Saint Augustin n’est jamais de ceux qui « se bouchent les oreilles ». Même lorsqu’un enseignement semble contredire à l’Écriture Sainte, il l’écoute avec attention, afin de découvrir si la contradiction est apparente ou réelle ; en toutes choses, il se garde de trancher avec précipitation et sans connaissance de cause.

L’assurance avec laquelle les Basile, les Grégoire de Nysse, les Ambroise, les Jean Chrysostome opposaient, aux enseignements de la Physique profane, les naïves assertions de leur science puérile contristait fort l’Évêque d’Hippone. Il voyait avec peine les docteurs de l’Église du Christ donner dans le ridicule qu’il avait si vivement reproché à Manichée[1]. Il les en reprenait avec une sagesse extrême.

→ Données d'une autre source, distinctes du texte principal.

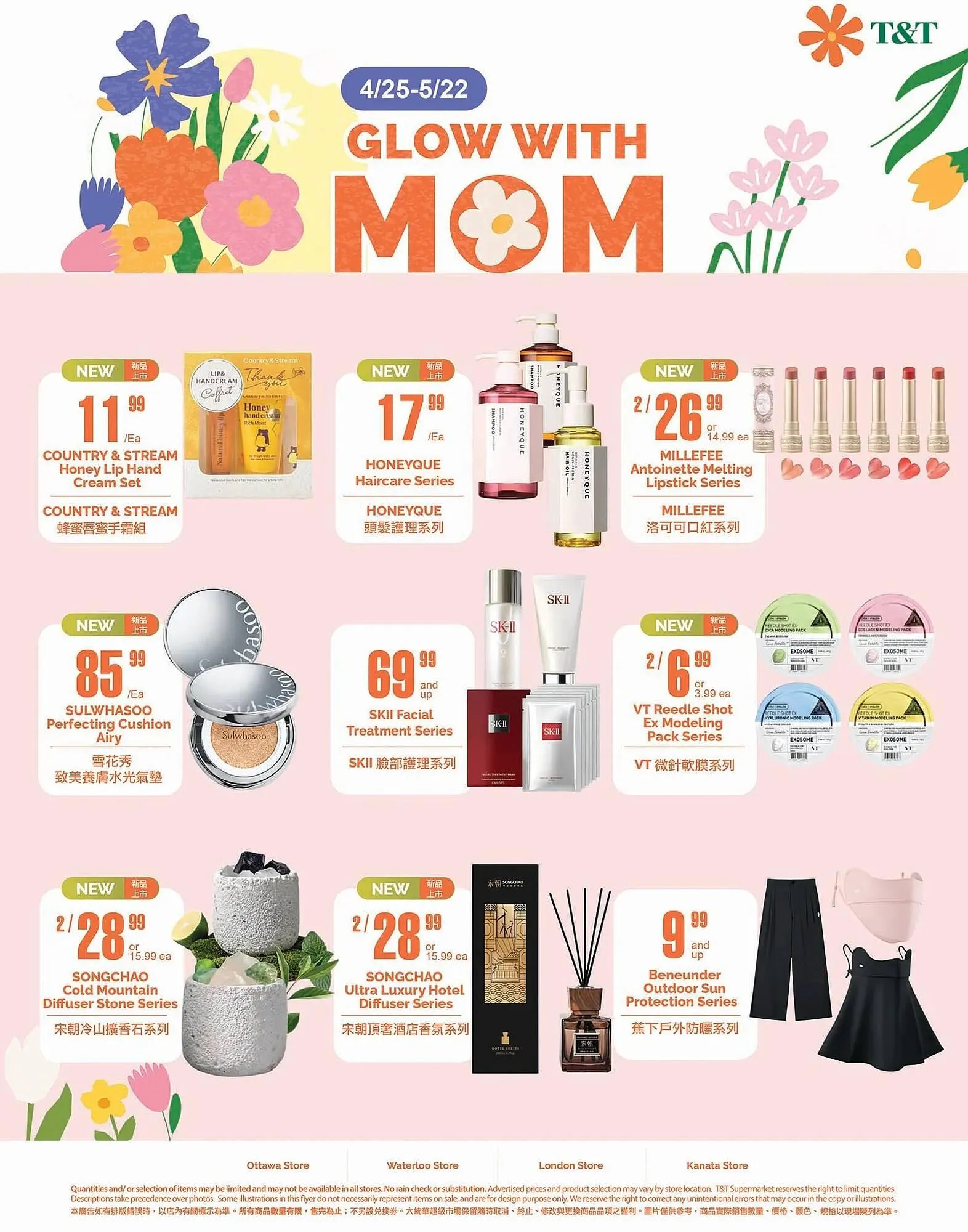 T&T Supermarket flyer from April 25 to May 1 2025 - flyer page 8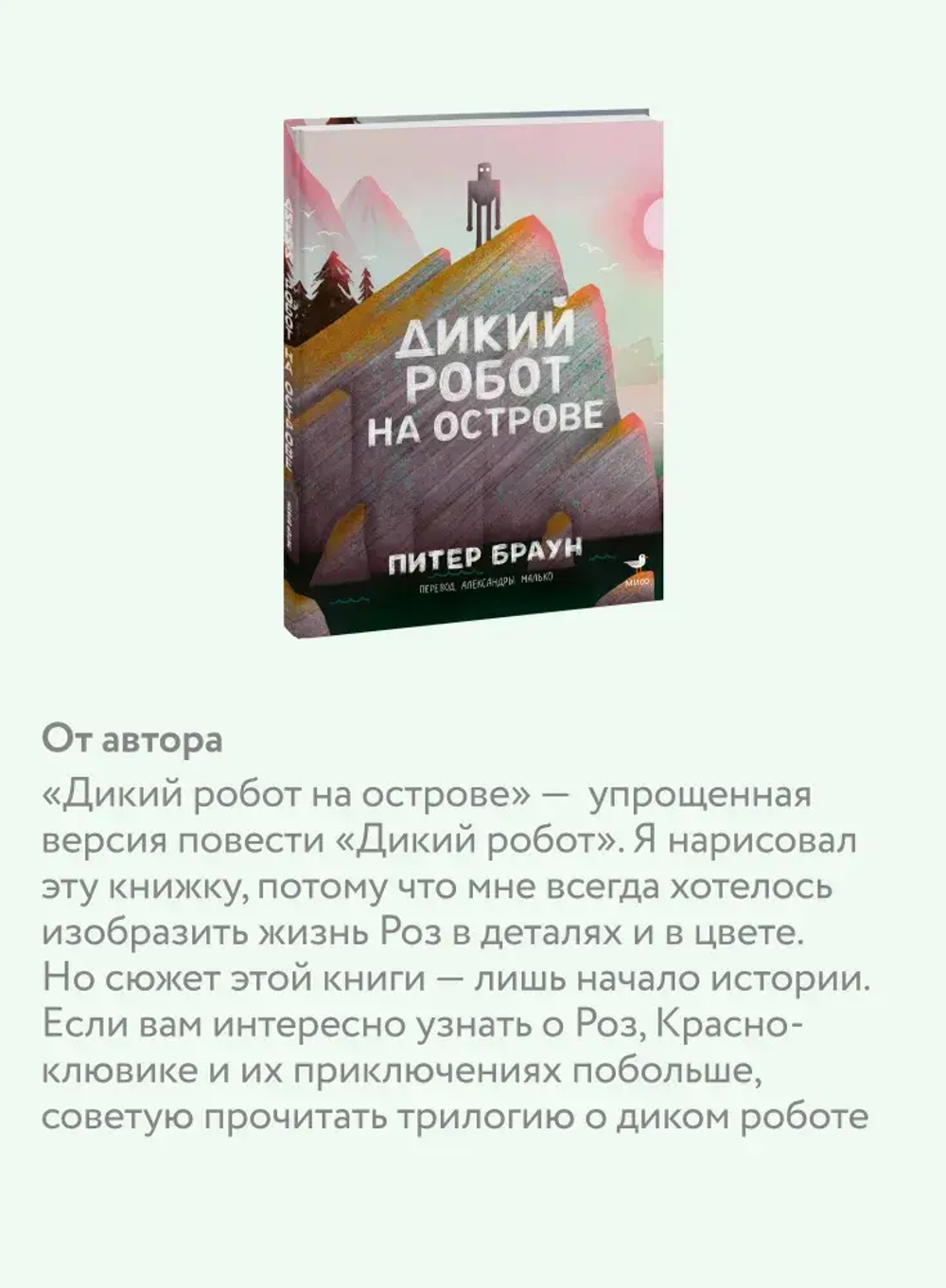 Дикий робот на острове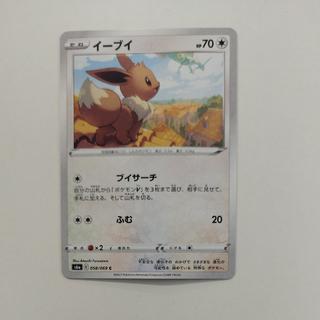 @5 @5 Eevee C 058/069 1枚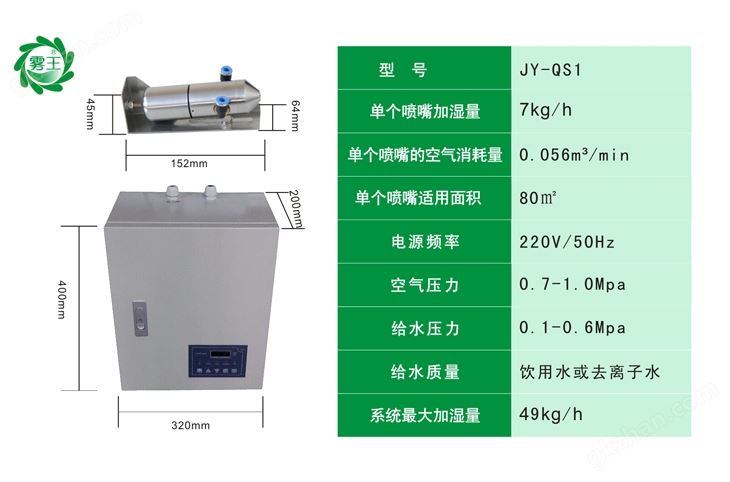 除尘除静电干雾加湿器产品参数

« Quand je vois, disait-il[2], quelqu’un de mes frères en Jésus-Christ qui n’est pas instruit en ces connaissances ou qui s’y trompe, je le soutire sans aucune peine, sachant qu’il ne lui importe nullement de savoir la situation et l’état d’une créature corporelle, pourvu qu’il ne croie rien d’indigne de votre majesté infinie, ô mon Bien, créateur de toutes choses. Mais ce défaut de connaissance lui est dommageable s’il estime qu’elle fait partie de la doctrine essentielle de la piété, et s’il ose soutenir avec obstination ce qu’il ne sait pas. La charité, ainsi qu’une bonne mère, supporte cette foiblesse en celui qui n’est encore que dans l’enfance de la foi, jusqu’à ce que, devenant un nouvel homme et un homme parfait, il ne soit plus sujet à être agité par les vents des différentes doctrines. Mais qui n’aurait eu horreur et ne rejetterait comme détestable la folie de celui qui serait convaincu d’avoir enseigné des choses fausses après avoir voulu passer pour docteur, pour guide, pour chef et pour maître de ceux à qui il aurait osé entreprendre de persuader que ces choses étaient telles qu’il les disait, et de le faire avec tant d’audace, que de prétendre qu’en le suivant, ou ne suivait pas un homme, mais votre Esprit Saint ? — In illo autem qui doctor, qui auctor, qui dux et princeps eorum quibus illa suaderet, ita fieri ausus est, ut qui cum sequerentur, non quemlibet hominem, sed Spiritum tuum sanctum se sequi arbitrarentur ; quis tantam dementiam, sicubi falsa dixisse

  1. Voir ce Chapitre, § I, pp. 401-402.
  2. Saint Augustin, Confession, livre V, ch. V (Traduction d’Arnaud d’Andilly).